PGScatalog / pygscatalog

Python applications and libraries for working with PGS data and the PGS Catalog
https://pygscatalog.readthedocs.io/en/latest/
Apache License 2.0
6 stars 1 forks source link

Fix variant deduplication #38

Closed nebfield closed 2 months ago

nebfield commented 2 months ago

Looking at the coverage reports, the deduplication function hasn't been correctly called since the refactor from the old pgscatalog-utils python package (it was accidentally overlooked)

Without this patch, duplicated variants IDs are written to scoring files.
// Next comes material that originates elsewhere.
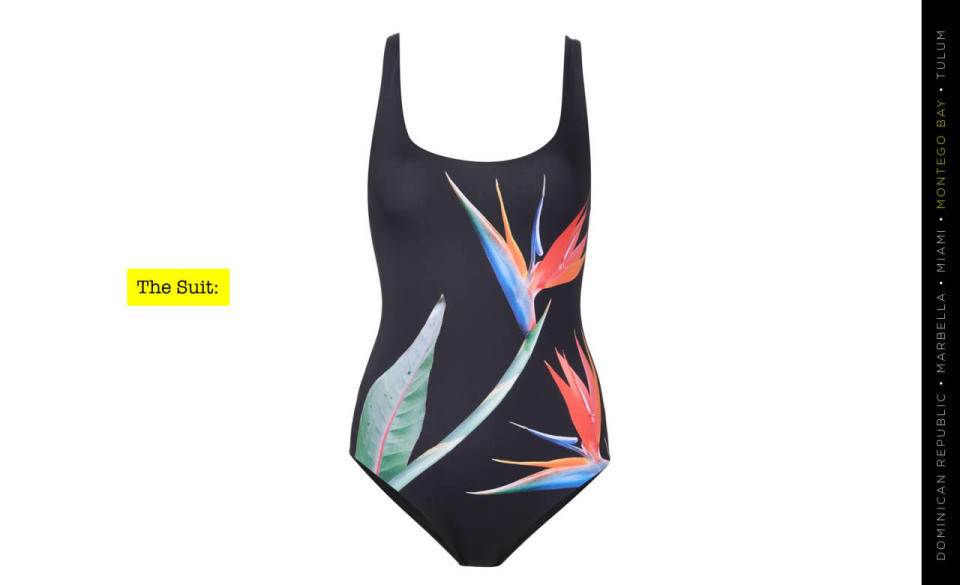 Onia Kelly Swimsuit, $195, Farfetch.com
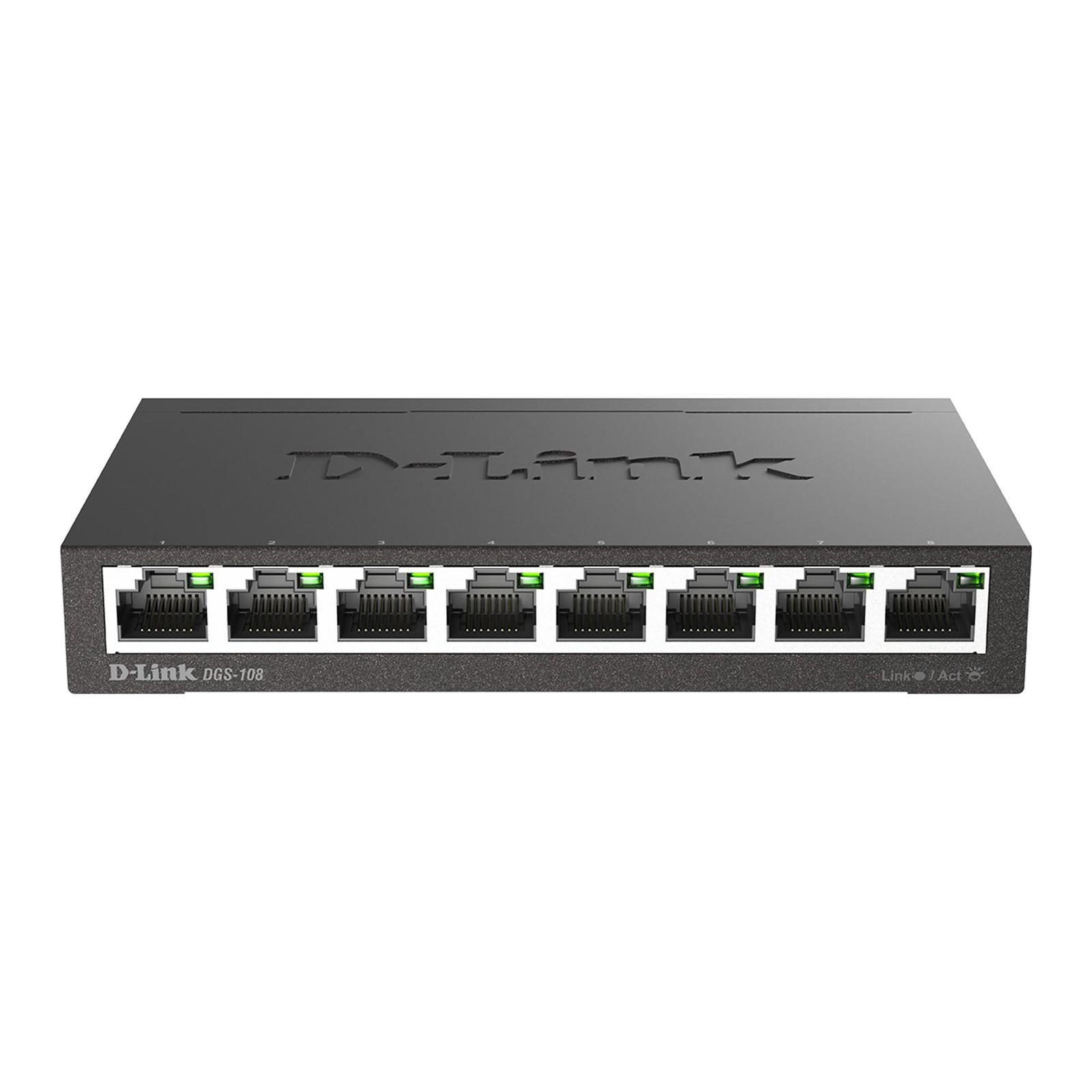 D-Link DGS 108 8 Port Gigabit Ethernet Switch Unmanaged, Plug  Play Network S...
When newer versions of plink2 use these variants, a warning is emitted:

n --score file entry was skipped due to a missing variant ID

Duplicate variant IDs used to trigger an error 🤔

For context, this is a problem that happens when combining many scores in parallel which share the same variant ID but have different effect alleles. The correct behaviour should be to split these variants across different scoring files.

codecov[bot] commented 2 months ago

Codecov Report

Attention: Patch coverage is 94.44444% with 1 line in your changes missing coverage. Please review.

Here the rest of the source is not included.